* [Collected material]
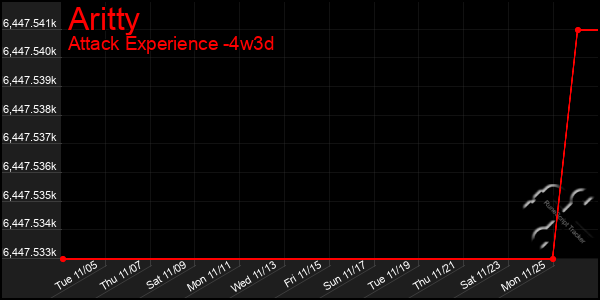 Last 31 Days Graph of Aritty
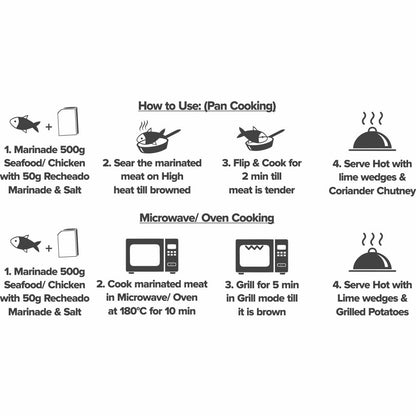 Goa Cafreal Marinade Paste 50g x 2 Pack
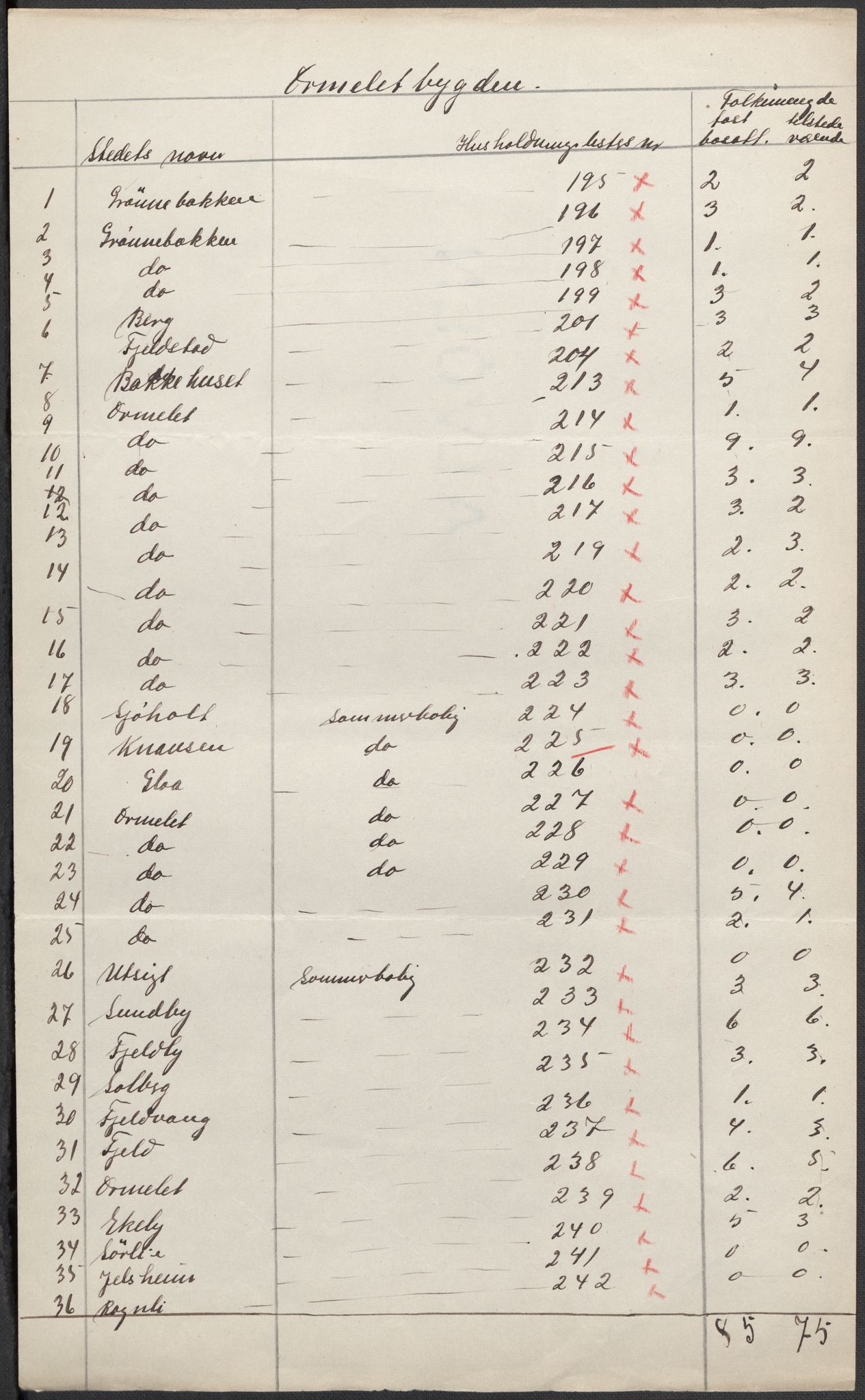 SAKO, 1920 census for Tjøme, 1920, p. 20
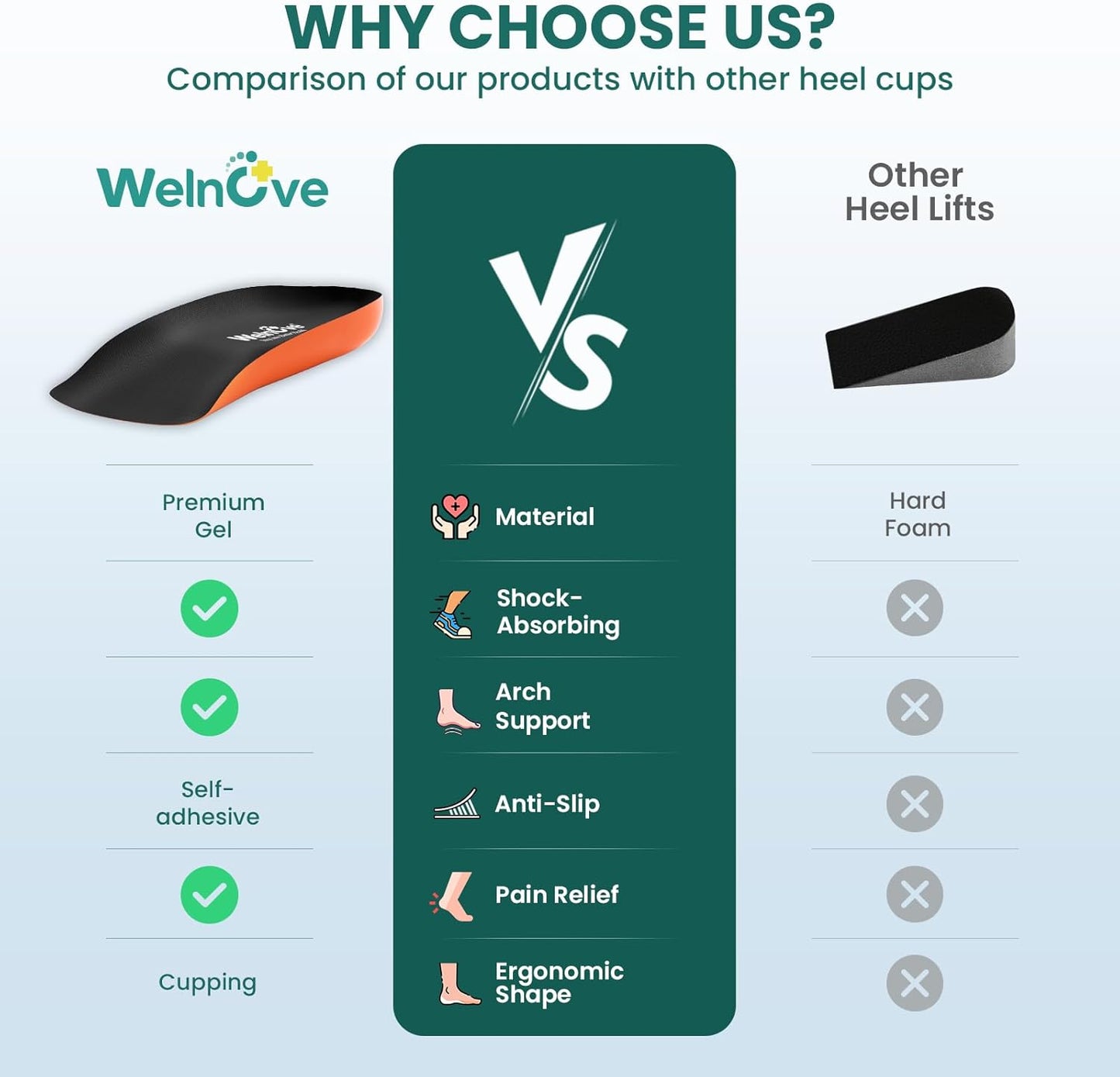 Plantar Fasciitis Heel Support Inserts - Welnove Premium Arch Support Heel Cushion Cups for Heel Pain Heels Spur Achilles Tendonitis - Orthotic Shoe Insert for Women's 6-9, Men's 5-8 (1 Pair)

* [The problem] Nothing but the lines from the line with "SAKO, 1920 census for Tjøme, 1920, p. 20" through the end of the listing should appear in the answer, each duplicated exactly, without pictures.

* [Answer area]
 SAKO, 1920 census for Tjøme, 1920, p. 20
 Plantar Fasciitis Heel Support Inserts - Welnove Premium Arch Support Heel Cushion Cups for Heel Pain Heels Spur Achilles Tendonitis - Orthotic Shoe Insert for Women's 6-9, Men's 5-8 (1 Pair)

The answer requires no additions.